◆ DATASET EXCERPT
________
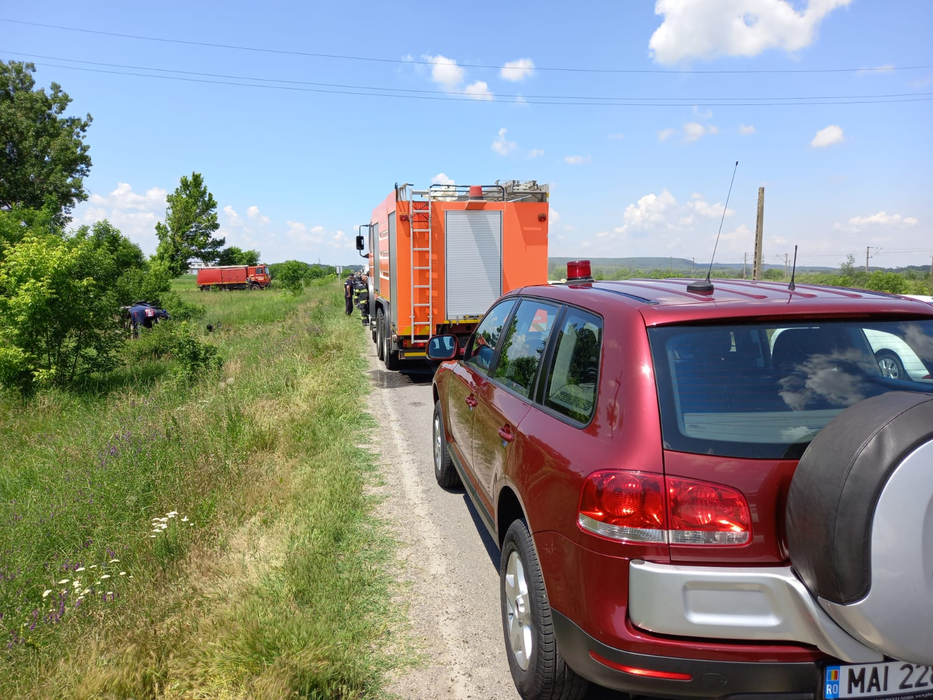 Dubă a jandarmeriei, implicată într-un accident grav pe DN6. Șoferul vinovat a făcut infarct la volan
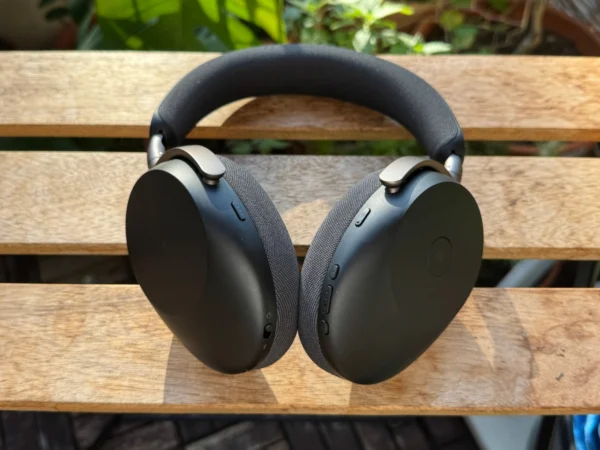 Jabra Evolve3 85 Review: Clearer Calls Without the Hideous Headset | Man of Many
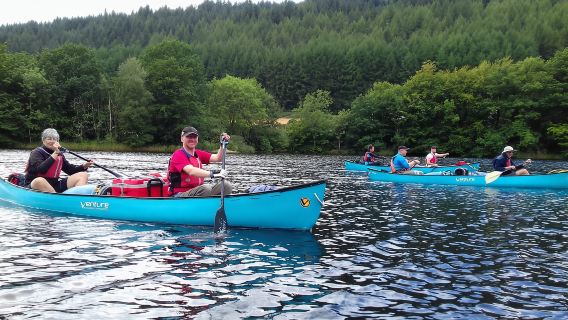 Hồ Loch Ness, Chuyến tham quan ngắm cảnh bằng xuồng có hướng dẫn kéo dài 2,5 giờ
________
◆ WORK TO BE COMPLETED
Output the listing exactly, without images.

◆ COMPLETED EXERCISE
 Dubă a jandarmeriei, implicată într-un accident grav pe DN6. Șoferul vinovat a făcut infarct la volan
 Jabra Evolve3 85 Review: Clearer Calls Without the Hideous Headset | Man of Many
 Hồ Loch Ness, Chuyến tham quan ngắm cảnh bằng xuồng có hướng dẫn kéo dài 2,5 giờ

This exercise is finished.